Der zentrale Hub ist unsere Plattform, auf der wir alle Videos hochladen. Wir haben einen eigenen Newsletter, mit dem wir über neuen Content informieren, aber wir arbeiten beispielsweise auch mit Verlagen zusammen, auf deren Webseite wir dann einen redaktionellen Beitrag zu dem jeweiligen Thema veröffentlichen und das Video verlinken. Zudem kooperieren wir mit medizinisches Fachgesellschaften, wodurch wir ihre Reichweite nutzen können Wir sehen uns nicht als alleinstehende Plattform, sondern wollen ein Ökosystem aus mehreren Playern und Kanälen schaffen, um unsere Inhalte zu den Zielgruppen zu bringen. Denn im Kern geht es ja darum, neues Wissen so zielgerichtet und effizient wie möglich in die Praxis zu bringen.
Sind Ihre Inhalte CME-zertifiziert?
Zum Teil. Die Ärztekammern haben immer noch einen sehr traditionellen Zertifizierungsrahmen und -prozess. Häufig bedeutet das, ich muss ein Webinar, das mindestens 45 Minuten dauert, machen, um CME-Punkte zu bekommen. Für uns hat sich daher die Frage gestellt, ob wir Content generieren, der für die Zertifizierungsstellen gemacht ist, oder ob es Content sein soll, der für die Ärzteschaft gemacht ist. Wir sind sehr aktiv dabei zu schauen, wie wir es in den Ärztekammern vorantreiben können, dass diese beiden Aspekte kompatibel werden. Wir glauben nicht daran, dass nur Zeit ein Treiber ist, Fort- und Weiterbildung effektiv zu gestalten, sondern der Content muss stimmen.
Teilweise haben wir auch längere Formate, die man sich wie eine Staffel auf Netflix vorstellen kann. Es sind mehrere kurze, kompakte Videoformate zu einem Thema, die aufeinander aufbauen, und auf so eine Reihe können wir dann auch CME-Punkte geben. Das größte Engagement bekommen wir aber immer auf den kurzen, kompakten einzelnen Videos, denn es hat niemand die Zeit, lange Formate anzusehen. Und das ist auch das, wofür wir stehen: Wir verstehen, wie Content im digitalen Raum aufbereitet sein muss, um das bestmögliche Engagement in der Ärzteschaft zu kreieren. Das hat für uns Vorrang gegenüber einer CME-Zertifizierung.
Sie sagten, dass es kein Problem sei, die Videos in andere Sprachen zu übersetzen. Verbreiten Sie diese auch schon international?
Zurzeit liegt unser Fokus noch ganz klar auf Deutschland. Medudy gibt es ja noch nicht sehr lange. Wir wollten erst einmal eine Basis in Deutschland schaffen und den Content evaluieren um zu schauen, was funktioniert und was nicht. Jetzt wird es für uns aber auch darum gehen, global zu wachsen. Hier sind wir bereits in Gesprächen mit möglichen Partnern – wissenschaftlichen Fachgesellschaften, die sehr international aufgestellt sind. Wir unterstützen aber auch Partner mit unserer Contentlösung, wenn beispielsweise globale Teams daran interessiert sind, ihre Informationen so einfach und so wenig kostenintensiv wie möglich in die lokalen Teams zu skalieren. So etwas ist für uns natürlich auch ein Thema: Wie können wir diesen KI-gestützten Content-Generierungsprozess nutzen, um nicht nur für uns schneller Content zu generieren und in mehrere Sprachen zu bringen, sondern auch um deutlich kosteneffizienter zu arbeiten?

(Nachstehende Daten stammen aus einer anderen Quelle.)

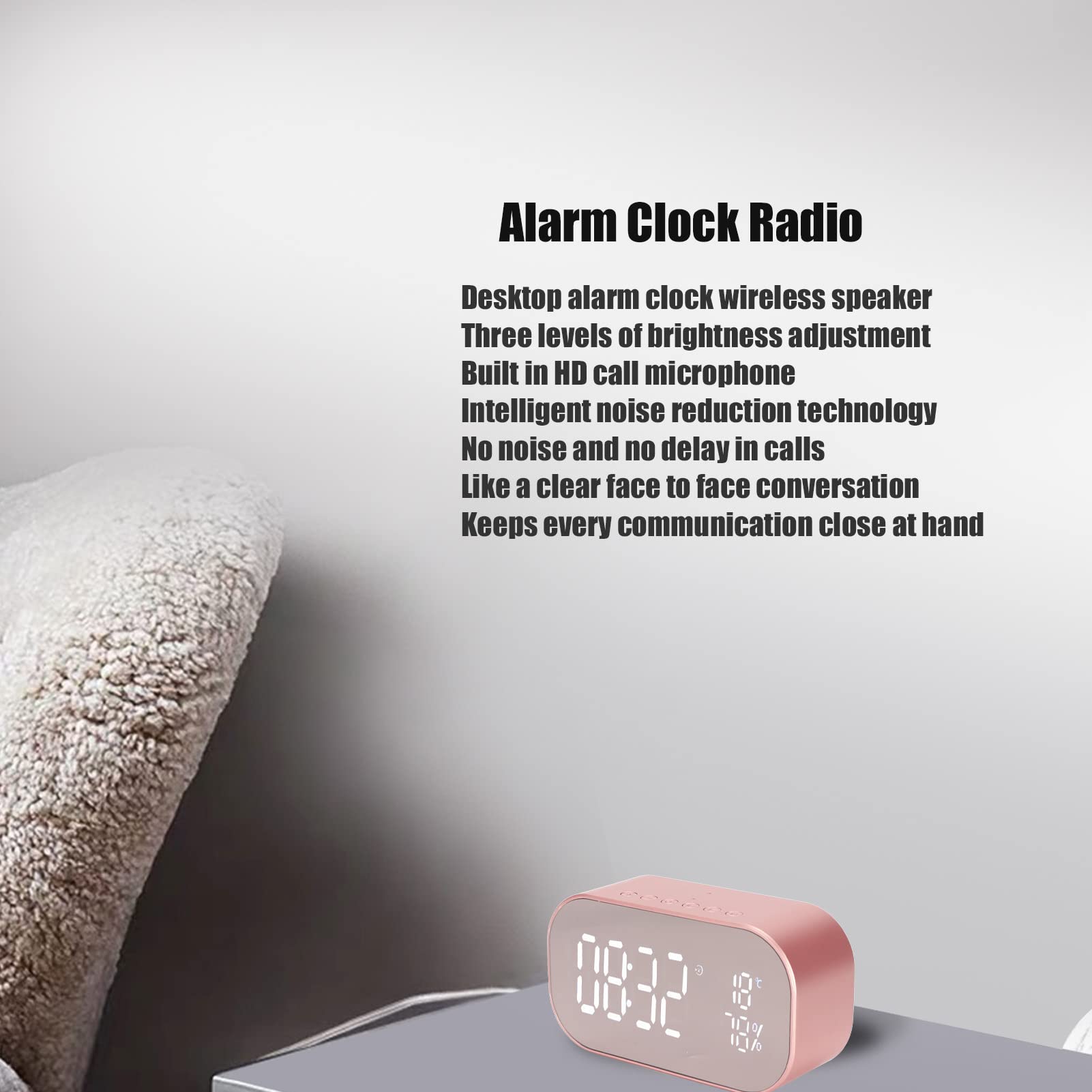 Bewinner Radio Despertador, Multifunción FM Radio Digital Despertador con Altavoz Bluetooth, Reducción de Ruido Despertador de Escritorio con Micrófono de Llamada HD(Oro Rosa)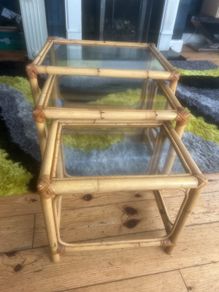 quality bamboo nest of side tables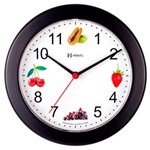 Ficha técnica e caractérísticas do produto Relógio Parede 21cm Silencioso Cozinha Preto Herweg 660070S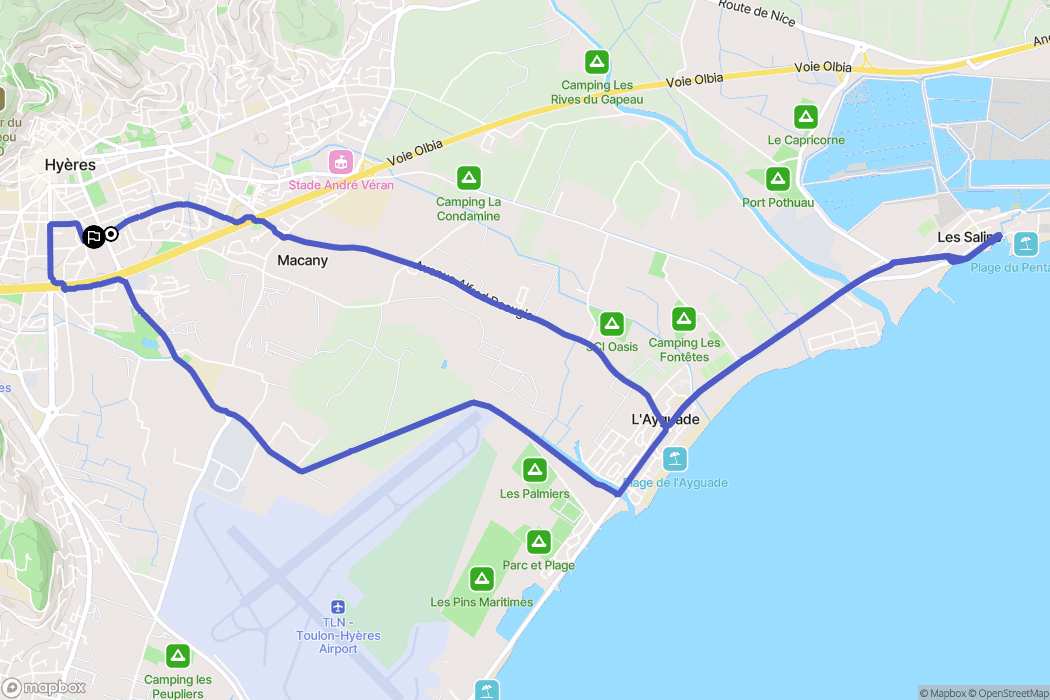 Hyères : carte du parcours de randonnée - France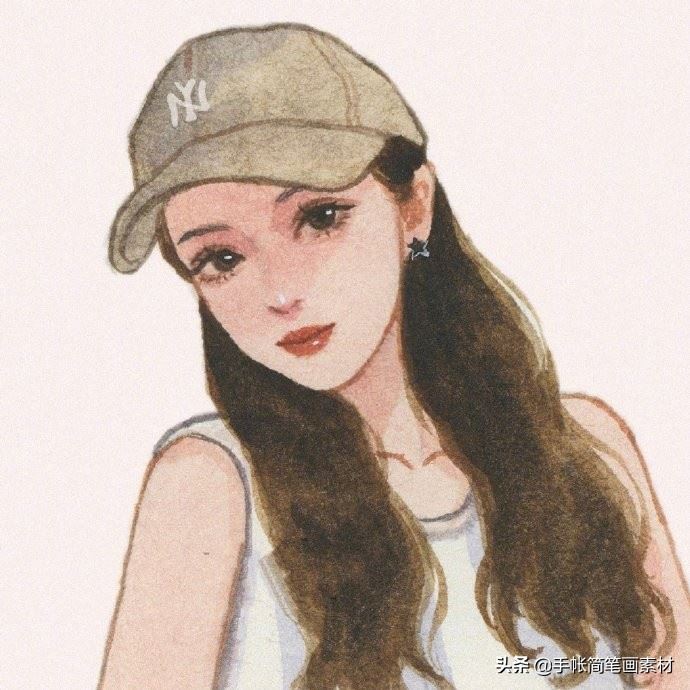 水彩女生插画头像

Gibt es für die Nutzer der Medudy-Plattform auch die Möglichkeit zur Interaktion mit Ihnen oder mit dem Sponsor des jeweiligen Videos?

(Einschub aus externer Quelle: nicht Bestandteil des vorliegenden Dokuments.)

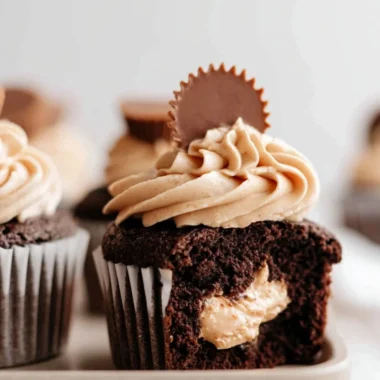 Dark chocolate cupcakes with peanut butter marshmallow fluff topping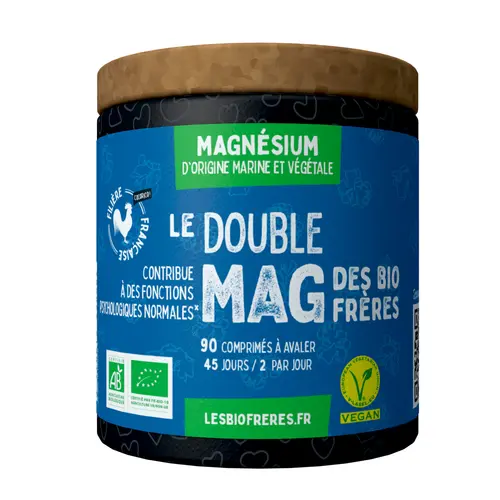 Magnésium d’origine marine et végétale bio Les bio frères Le double Mag - 90 comprimés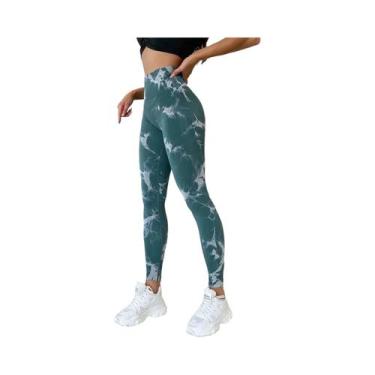 Imagem de Leggings De Yoga Slim-Fit Com Estampa Tie-Dye Para Fitness, Corrida E 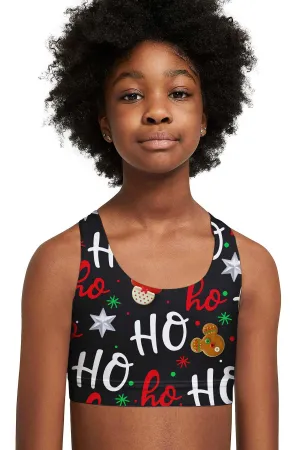 Hohoho Xmas Stella Seamless Racerback Sports Bra Crop Top - Kids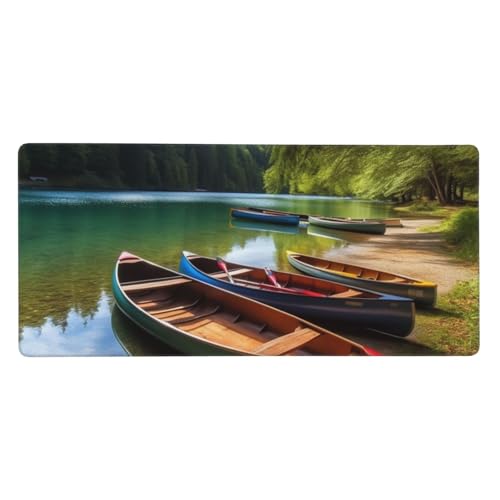 Großes Gaming-Mauspad, 90 x 40 cm, See mit Booten, Kanus, Park, Schreibtischunterlage XXL, genähter Rand, rutschfestes Mauspad, erweiterte Tastatur, wasserdicht, Computer-Mauspad für Arbeit, Büro von FHEDVBN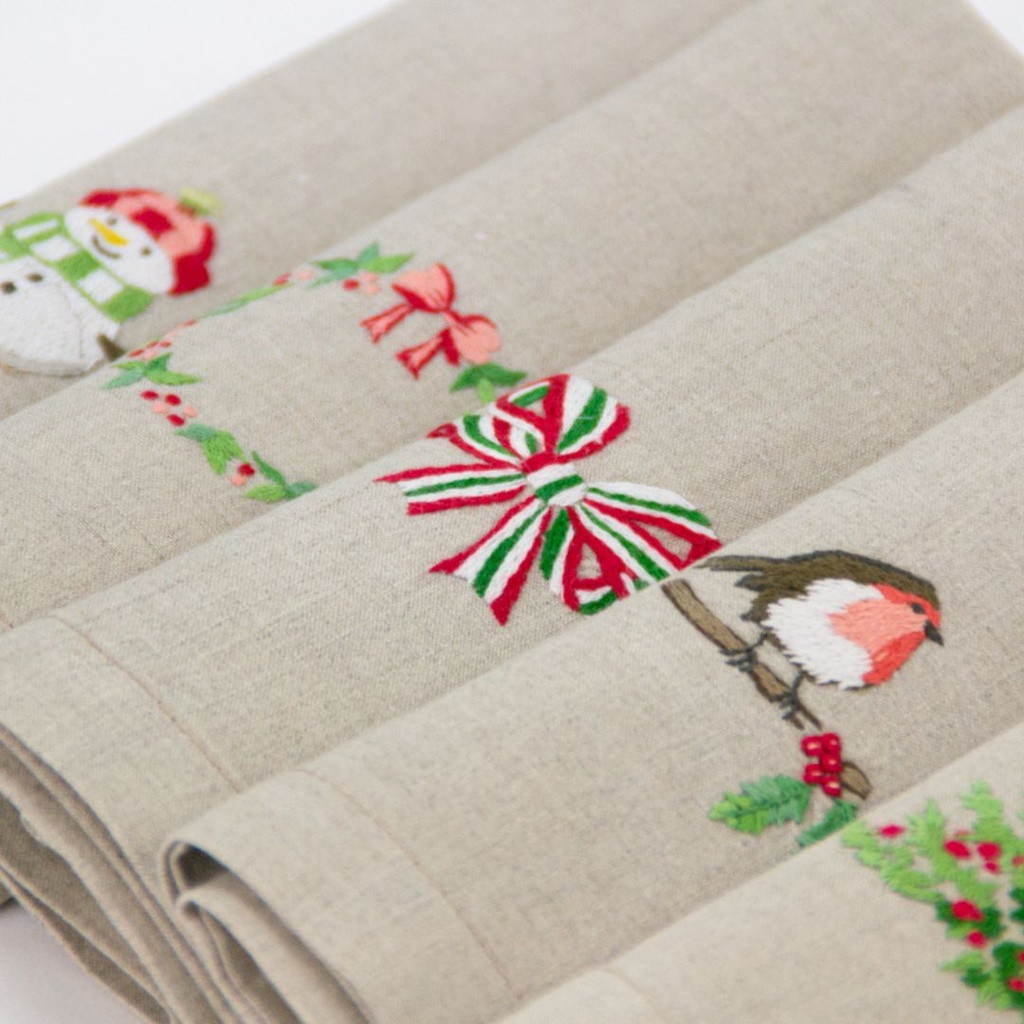 WINTER GARDEN - 8 Serviettes de Table en Lin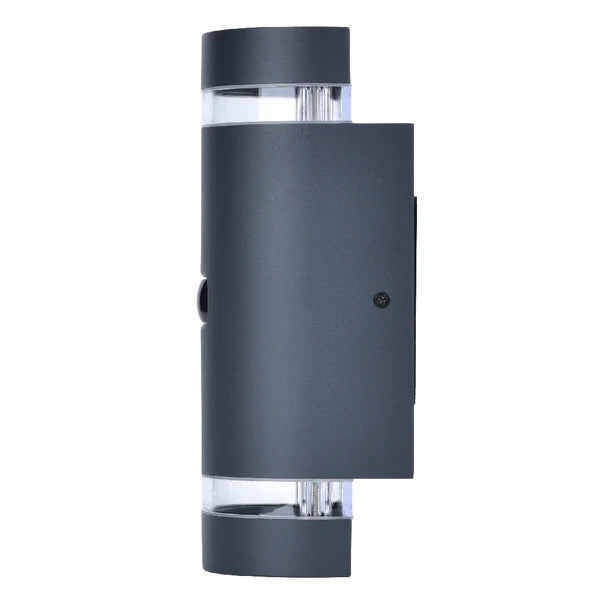 Lutec FOCUS Up & Down Wall Light with PIR Dark Grey Die Cast Aluminium IP44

Jedes Partnerunternehmen hat auf medudy.com einen eigenen Kanal, so ähnlich wie bei YouTube. Hier besteht auch die Möglichkeit, mit dem Unternehmen in Kontakt zu treten und zum Beispiel Fragen zum Content zu stellen. Unser Ziel ist, es, den Austausch zwischen dem Arzt und dem pharmazeutischen Unternehmen noch weiter zu fördern. Dafür sind einige Features bereits in Arbeit. Wir selbst interagieren ebenfalls viel mit den Ärztinnen und Ärzten. Wir machen regelmäßig Umfragen, um immer besser zu verstehen, welche Art von Content sich die Ärzte wünschen. Das ist die größte Herausforderung: Wie in der gesamten Gesellschaft verändert sich auch im Gesundheitsmarkt das Informationsverhalten kontinuierlich – und es gibt immer mehr Content im digitalen Raum. Wir müssen schauen, wie wir dennoch Aufmerksamkeit für die Inhalte unserer Partner schaffen können.
Vielen Dank für das Gespräch, Herr Stockmar.